Rabbinizden size indirilene (Kur'ân'a) uyun. O'nu bırakıp da başka dostların peşlerinden gitmeyin. Ne kadar da az öğüt alıyorsunuz!
(Resûlüm!) De ki: Eğer Allah'ı seviyorsanız bana uyunuz ki Allah da sizi sevsin ve günahlarınızı bağışlasın.
Şüphesiz bu, benim dosdoğru yolumdur. Buna uyun. (Başka) yollara uymayın. Zira o yollar sizi Allah'ın yolundan ayırır. İşte sakınmanız için Allah size bunları emretti.

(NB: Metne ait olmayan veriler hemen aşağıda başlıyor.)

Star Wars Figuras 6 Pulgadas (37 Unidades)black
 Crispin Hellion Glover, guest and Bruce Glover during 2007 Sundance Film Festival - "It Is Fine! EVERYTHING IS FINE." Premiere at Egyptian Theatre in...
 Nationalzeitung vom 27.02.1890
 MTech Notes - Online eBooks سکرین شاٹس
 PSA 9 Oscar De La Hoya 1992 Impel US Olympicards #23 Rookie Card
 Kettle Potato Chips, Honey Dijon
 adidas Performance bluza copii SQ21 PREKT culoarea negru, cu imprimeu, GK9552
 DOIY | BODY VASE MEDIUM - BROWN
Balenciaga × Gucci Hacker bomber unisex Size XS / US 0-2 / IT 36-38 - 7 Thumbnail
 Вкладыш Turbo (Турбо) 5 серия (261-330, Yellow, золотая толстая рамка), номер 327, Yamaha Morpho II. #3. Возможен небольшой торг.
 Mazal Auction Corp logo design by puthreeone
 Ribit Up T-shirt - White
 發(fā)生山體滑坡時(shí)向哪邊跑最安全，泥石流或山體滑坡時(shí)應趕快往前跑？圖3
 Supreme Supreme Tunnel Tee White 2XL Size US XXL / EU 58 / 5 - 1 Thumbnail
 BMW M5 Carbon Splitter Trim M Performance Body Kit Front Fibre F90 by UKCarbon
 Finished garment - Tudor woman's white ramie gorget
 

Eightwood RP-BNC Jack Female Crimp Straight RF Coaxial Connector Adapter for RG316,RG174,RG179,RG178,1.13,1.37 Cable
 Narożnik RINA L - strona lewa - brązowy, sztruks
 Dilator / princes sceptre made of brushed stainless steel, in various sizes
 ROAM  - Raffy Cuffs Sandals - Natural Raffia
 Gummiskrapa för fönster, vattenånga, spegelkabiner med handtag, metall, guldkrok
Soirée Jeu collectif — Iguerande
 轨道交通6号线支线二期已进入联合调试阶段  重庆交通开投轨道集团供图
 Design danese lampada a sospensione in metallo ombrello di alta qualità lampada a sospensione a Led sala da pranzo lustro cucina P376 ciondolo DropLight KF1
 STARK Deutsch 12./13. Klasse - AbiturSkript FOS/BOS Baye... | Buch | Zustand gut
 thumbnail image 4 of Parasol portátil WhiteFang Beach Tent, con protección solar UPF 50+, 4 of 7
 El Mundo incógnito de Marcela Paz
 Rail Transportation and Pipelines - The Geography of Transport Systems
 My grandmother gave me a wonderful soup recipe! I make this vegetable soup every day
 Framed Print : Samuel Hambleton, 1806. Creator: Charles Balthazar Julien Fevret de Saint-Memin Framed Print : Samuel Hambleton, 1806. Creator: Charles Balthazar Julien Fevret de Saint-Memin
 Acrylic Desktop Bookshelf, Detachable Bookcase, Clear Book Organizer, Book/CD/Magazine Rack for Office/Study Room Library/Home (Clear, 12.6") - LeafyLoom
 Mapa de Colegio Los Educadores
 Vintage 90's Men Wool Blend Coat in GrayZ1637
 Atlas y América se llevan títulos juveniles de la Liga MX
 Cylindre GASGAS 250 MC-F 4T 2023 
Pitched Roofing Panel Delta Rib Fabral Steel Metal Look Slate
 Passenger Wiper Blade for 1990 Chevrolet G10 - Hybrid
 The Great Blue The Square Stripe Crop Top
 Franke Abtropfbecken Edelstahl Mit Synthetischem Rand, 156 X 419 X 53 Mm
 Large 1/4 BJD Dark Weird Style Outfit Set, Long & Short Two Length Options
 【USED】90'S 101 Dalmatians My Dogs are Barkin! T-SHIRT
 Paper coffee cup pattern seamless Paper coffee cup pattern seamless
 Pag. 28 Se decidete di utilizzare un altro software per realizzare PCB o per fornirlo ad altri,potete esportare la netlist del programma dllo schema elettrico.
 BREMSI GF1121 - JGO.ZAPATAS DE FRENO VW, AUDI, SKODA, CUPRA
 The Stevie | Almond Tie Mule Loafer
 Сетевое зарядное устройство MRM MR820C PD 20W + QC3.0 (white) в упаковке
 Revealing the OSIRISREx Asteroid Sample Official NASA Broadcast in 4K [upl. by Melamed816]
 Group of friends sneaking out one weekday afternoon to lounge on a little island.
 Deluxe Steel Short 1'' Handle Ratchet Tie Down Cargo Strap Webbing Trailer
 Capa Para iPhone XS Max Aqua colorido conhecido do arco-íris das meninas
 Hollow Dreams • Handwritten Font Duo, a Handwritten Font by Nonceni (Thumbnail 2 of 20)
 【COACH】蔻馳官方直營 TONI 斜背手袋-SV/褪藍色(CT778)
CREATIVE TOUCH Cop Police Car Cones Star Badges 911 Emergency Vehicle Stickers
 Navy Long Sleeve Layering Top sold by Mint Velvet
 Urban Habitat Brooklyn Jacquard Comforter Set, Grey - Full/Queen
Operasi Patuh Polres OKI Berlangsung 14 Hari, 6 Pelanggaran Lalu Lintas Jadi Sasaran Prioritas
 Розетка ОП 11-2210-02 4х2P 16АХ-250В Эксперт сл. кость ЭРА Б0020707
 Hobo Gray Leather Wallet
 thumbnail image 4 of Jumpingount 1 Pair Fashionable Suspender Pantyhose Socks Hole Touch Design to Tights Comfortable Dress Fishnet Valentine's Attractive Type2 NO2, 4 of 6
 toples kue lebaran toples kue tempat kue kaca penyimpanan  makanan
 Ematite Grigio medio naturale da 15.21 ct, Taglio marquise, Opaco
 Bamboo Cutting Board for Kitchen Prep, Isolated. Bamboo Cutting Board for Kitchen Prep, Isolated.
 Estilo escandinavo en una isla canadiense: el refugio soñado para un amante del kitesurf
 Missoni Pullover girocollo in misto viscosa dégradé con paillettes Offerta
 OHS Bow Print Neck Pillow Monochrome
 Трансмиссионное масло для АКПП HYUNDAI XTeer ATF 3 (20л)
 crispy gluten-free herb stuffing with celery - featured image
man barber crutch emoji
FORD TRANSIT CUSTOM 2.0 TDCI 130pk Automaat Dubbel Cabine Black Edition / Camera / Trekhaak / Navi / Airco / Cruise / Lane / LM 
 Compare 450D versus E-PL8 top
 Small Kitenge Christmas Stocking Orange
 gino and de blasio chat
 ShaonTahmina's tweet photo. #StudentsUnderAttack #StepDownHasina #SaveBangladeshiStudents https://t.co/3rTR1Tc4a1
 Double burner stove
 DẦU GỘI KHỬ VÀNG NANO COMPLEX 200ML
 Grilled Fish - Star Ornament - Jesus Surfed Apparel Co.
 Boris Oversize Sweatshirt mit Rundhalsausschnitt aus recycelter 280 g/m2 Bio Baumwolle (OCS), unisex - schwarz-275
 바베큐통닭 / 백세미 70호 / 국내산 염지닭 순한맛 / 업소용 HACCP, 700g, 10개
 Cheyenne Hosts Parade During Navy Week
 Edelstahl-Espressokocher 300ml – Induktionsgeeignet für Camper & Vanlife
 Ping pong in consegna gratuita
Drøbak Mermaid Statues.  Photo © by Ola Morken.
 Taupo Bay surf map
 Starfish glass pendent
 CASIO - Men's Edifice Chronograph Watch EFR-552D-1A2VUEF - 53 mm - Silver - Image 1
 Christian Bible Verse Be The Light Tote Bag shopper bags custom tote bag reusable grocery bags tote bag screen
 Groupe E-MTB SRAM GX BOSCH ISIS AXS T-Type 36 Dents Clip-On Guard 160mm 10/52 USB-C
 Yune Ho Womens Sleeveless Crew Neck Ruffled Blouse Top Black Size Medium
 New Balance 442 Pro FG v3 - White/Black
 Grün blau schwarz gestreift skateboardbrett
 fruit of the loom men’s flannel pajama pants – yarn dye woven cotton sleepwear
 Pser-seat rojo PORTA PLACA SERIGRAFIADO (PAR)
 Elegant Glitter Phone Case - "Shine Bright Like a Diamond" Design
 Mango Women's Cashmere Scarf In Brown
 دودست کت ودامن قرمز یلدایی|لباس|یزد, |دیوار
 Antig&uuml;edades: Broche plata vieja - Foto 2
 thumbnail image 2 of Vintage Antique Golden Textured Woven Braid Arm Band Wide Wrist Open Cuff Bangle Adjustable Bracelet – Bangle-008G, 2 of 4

Eğer bir hususta anlaşmazlığa düşerseniz -Allah'a ve ahirete gerçekten inanıyorsanız- onu Allah'a ve Resûl'e götürün (onların talimatına göre halledin); bu hem hayırlı, hem de netice bakımından daha güzeldir.
Onlara (müşriklere): Allah'ın indirdiğine uyun, denildiği zaman onlar, "Hayır! Biz atalarımızı üzerinde bulduğumuz yola uyarız" dediler. Ya ataları bir şey anlamamış, doğruyu da bulamamış idiyseler?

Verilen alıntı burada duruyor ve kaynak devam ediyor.